> Exercise goal: Gather every line of the entries that includes the word "Garden".

> Material for this task:
◆ ◆ ◆ ◆ ◆
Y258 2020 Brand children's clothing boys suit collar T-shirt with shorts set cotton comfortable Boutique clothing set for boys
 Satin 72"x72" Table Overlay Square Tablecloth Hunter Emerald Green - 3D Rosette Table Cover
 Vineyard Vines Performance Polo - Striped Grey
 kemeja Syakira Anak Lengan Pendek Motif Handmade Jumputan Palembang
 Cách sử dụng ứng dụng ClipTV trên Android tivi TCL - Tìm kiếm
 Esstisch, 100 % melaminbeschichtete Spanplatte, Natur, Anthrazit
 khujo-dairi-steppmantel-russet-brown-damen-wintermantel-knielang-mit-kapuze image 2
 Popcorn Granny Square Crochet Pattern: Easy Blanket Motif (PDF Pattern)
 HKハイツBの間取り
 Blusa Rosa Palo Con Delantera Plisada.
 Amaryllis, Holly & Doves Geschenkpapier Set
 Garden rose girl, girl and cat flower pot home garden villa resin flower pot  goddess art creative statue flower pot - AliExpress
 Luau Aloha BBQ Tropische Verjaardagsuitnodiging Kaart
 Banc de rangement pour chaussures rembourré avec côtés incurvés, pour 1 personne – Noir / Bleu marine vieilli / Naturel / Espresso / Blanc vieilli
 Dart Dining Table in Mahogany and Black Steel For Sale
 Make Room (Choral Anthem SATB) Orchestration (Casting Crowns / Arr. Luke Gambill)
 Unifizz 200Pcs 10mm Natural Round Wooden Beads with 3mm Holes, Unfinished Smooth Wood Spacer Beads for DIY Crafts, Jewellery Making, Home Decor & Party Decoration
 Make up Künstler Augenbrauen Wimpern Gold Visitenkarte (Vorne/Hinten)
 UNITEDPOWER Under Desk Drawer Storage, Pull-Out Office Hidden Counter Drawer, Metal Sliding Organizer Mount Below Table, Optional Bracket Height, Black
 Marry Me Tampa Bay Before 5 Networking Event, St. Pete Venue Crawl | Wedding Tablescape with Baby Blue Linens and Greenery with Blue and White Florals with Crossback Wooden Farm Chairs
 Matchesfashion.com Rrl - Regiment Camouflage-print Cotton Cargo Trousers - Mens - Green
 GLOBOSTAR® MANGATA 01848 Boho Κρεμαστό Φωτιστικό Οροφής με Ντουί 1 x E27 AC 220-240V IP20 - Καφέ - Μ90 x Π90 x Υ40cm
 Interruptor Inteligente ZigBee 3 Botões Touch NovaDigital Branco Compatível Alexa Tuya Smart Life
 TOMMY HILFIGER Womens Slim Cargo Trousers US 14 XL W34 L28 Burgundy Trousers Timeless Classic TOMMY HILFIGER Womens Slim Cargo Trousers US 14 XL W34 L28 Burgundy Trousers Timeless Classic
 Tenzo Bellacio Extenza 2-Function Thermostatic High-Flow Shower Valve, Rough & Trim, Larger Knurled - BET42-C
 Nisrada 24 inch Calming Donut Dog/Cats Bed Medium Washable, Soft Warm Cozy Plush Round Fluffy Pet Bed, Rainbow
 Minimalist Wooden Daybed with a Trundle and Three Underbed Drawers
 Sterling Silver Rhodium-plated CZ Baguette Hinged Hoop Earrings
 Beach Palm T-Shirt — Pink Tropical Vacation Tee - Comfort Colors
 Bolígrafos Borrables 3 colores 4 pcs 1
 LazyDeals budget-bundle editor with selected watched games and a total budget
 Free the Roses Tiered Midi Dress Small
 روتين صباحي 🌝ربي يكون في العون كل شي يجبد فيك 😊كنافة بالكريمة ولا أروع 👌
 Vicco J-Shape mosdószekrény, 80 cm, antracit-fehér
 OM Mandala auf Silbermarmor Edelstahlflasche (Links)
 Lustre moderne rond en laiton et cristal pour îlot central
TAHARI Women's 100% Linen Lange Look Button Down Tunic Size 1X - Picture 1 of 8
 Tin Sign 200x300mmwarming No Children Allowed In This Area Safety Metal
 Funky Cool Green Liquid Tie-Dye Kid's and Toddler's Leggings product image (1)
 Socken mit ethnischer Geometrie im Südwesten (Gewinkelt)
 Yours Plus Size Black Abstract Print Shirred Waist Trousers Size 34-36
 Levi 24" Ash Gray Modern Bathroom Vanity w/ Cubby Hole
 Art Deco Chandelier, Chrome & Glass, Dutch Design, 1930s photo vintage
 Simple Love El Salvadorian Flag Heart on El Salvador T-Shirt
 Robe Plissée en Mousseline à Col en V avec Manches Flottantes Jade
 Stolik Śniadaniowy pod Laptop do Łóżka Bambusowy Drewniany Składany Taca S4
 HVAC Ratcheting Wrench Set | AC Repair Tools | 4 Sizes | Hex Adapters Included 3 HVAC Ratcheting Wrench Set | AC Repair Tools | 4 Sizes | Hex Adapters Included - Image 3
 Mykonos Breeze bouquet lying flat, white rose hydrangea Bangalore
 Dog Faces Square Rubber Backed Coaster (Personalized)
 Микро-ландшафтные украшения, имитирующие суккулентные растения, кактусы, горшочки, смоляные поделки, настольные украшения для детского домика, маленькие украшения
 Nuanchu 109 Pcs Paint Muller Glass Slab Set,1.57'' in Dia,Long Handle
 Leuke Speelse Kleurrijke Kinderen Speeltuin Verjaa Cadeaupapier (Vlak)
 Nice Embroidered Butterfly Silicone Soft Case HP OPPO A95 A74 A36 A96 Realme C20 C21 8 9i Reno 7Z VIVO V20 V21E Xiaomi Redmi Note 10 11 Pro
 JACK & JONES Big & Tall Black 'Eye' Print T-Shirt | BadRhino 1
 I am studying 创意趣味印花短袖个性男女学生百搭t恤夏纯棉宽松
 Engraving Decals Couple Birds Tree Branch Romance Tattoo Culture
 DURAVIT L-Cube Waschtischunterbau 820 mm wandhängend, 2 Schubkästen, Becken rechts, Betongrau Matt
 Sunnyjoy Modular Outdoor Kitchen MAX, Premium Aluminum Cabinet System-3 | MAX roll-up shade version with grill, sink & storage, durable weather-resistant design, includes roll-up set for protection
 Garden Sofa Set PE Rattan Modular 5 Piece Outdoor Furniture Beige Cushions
◆ ◆ ◆ ◆ ◆
> Exercise solution:
 Garden rose girl, girl and cat flower pot home garden villa resin flower pot  goddess art creative statue flower pot - AliExpress
 Garden Sofa Set PE Rattan Modular 5 Piece Outdoor Furniture Beige Cushions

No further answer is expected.